= DATASET =
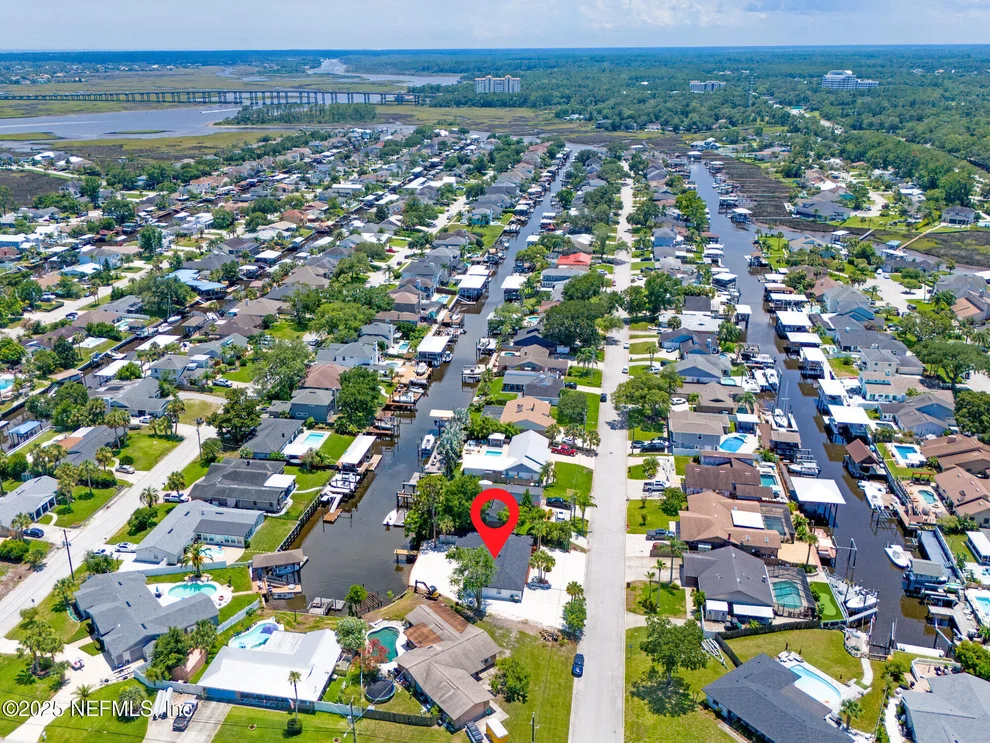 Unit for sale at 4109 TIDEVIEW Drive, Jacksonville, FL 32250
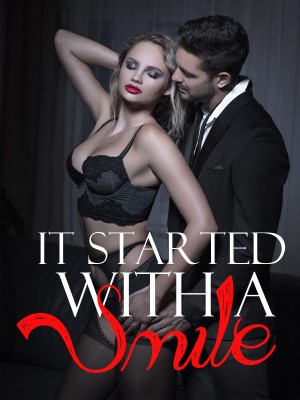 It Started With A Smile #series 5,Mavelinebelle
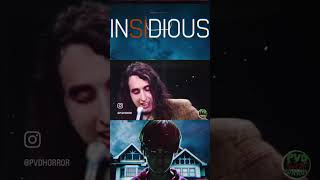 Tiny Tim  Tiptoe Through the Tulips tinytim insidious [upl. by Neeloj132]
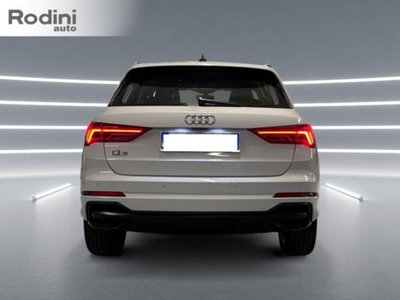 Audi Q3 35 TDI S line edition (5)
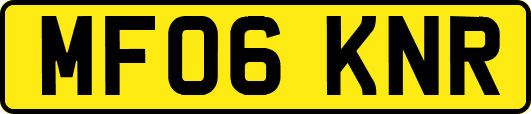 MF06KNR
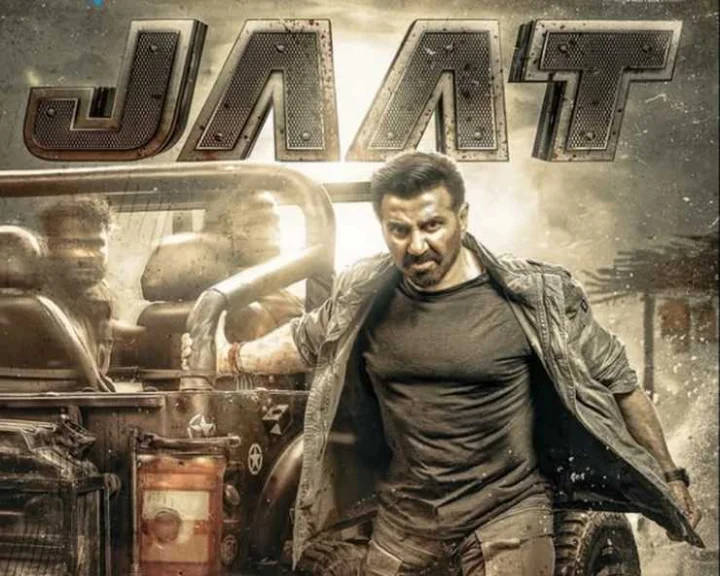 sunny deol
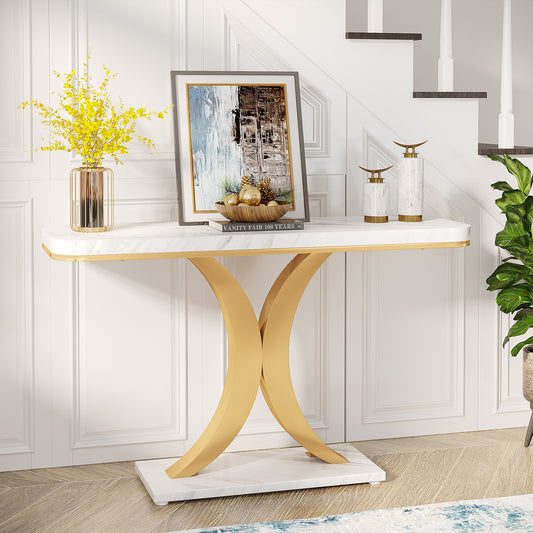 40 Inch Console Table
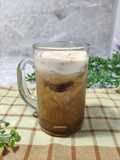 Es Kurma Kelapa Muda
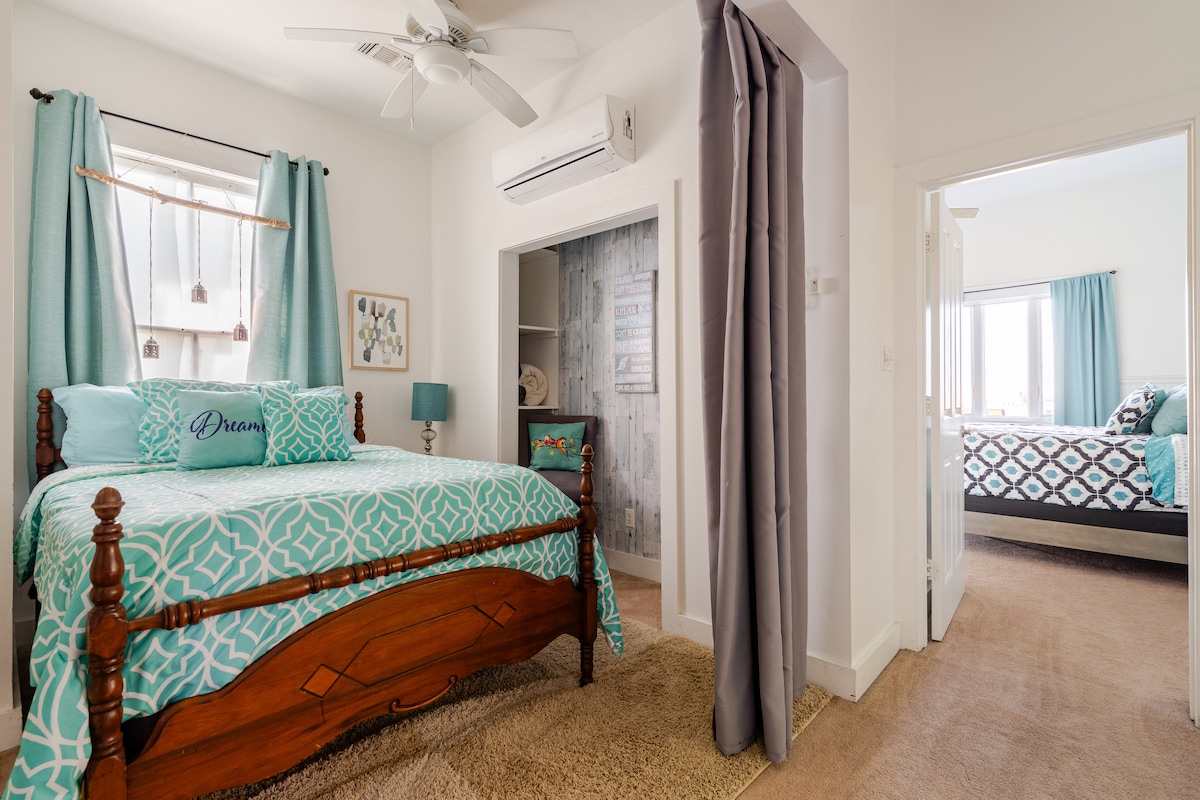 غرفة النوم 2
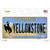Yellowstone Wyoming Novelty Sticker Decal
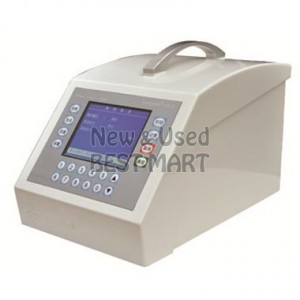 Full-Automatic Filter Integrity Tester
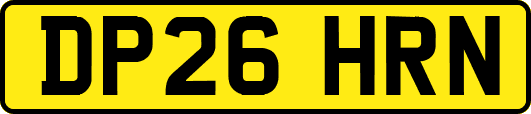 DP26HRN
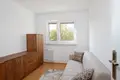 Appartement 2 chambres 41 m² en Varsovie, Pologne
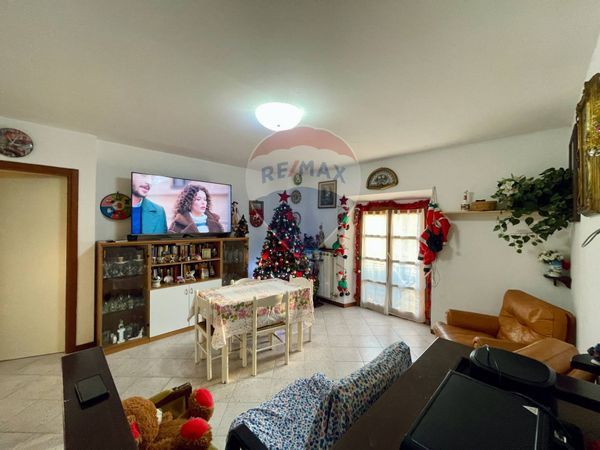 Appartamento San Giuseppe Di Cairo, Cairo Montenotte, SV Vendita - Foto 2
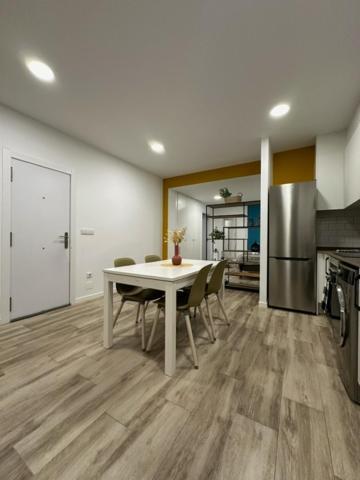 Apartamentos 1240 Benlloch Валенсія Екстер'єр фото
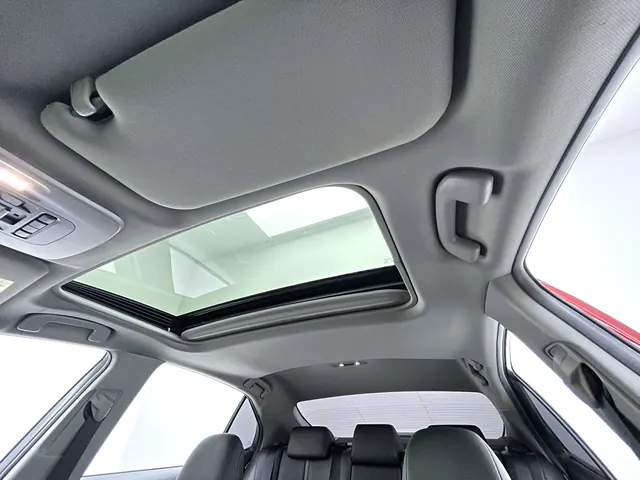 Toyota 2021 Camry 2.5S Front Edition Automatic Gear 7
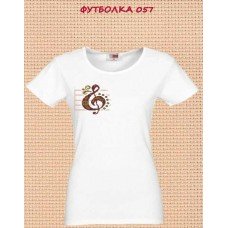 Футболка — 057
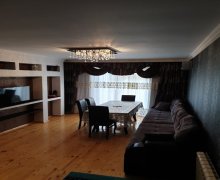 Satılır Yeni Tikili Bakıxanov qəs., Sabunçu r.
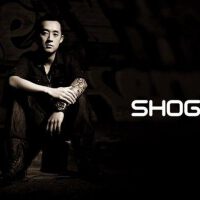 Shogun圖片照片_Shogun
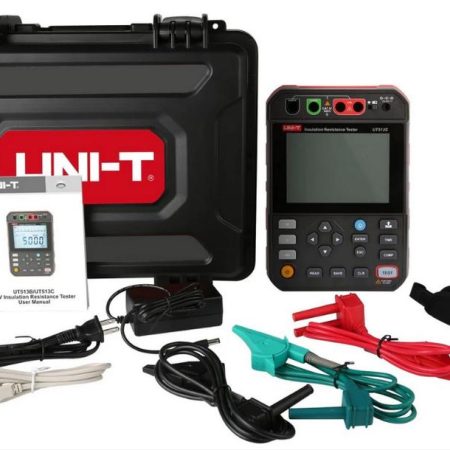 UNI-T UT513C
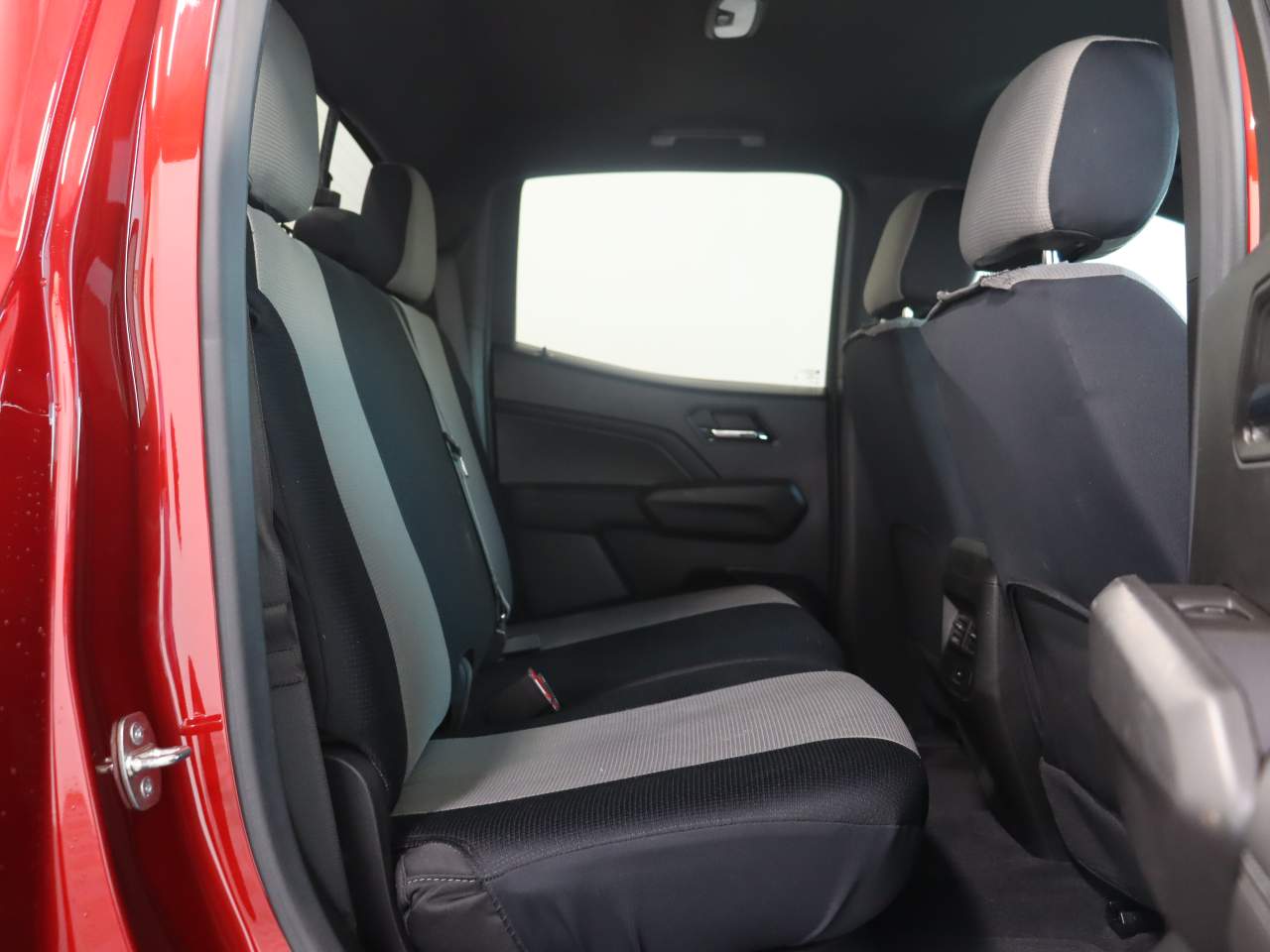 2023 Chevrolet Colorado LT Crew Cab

= TASK REQUIREMENTS =
Could you restate every record above word for word, leaving the pictures out?

= SOLVED EXERCISE =
 Unit for sale at 4109 TIDEVIEW Drive, Jacksonville, FL 32250
 It Started With A Smile #series 5,Mavelinebelle
 Tiny Tim  Tiptoe Through the Tulips tinytim insidious [upl. by Neeloj132]
 Audi Q3 35 TDI S line edition (5)
 MF06KNR
 sunny deol
 40 Inch Console Table
 Es Kurma Kelapa Muda
 غرفة النوم 2
Yellowstone Wyoming Novelty Sticker Decal
 Full-Automatic Filter Integrity Tester
 DP26HRN
 Appartement 2 chambres 41 m² en Varsovie, Pologne
 Appartamento San Giuseppe Di Cairo, Cairo Montenotte, SV Vendita - Foto 2
 Apartamentos 1240 Benlloch Валенсія Екстер'єр фото
 Toyota 2021 Camry 2.5S Front Edition Automatic Gear 7
 Футболка — 057
 Satılır Yeni Tikili Bakıxanov qəs., Sabunçu r.
 Shogun圖片照片_Shogun
 UNI-T UT513C
 2023 Chevrolet Colorado LT Crew Cab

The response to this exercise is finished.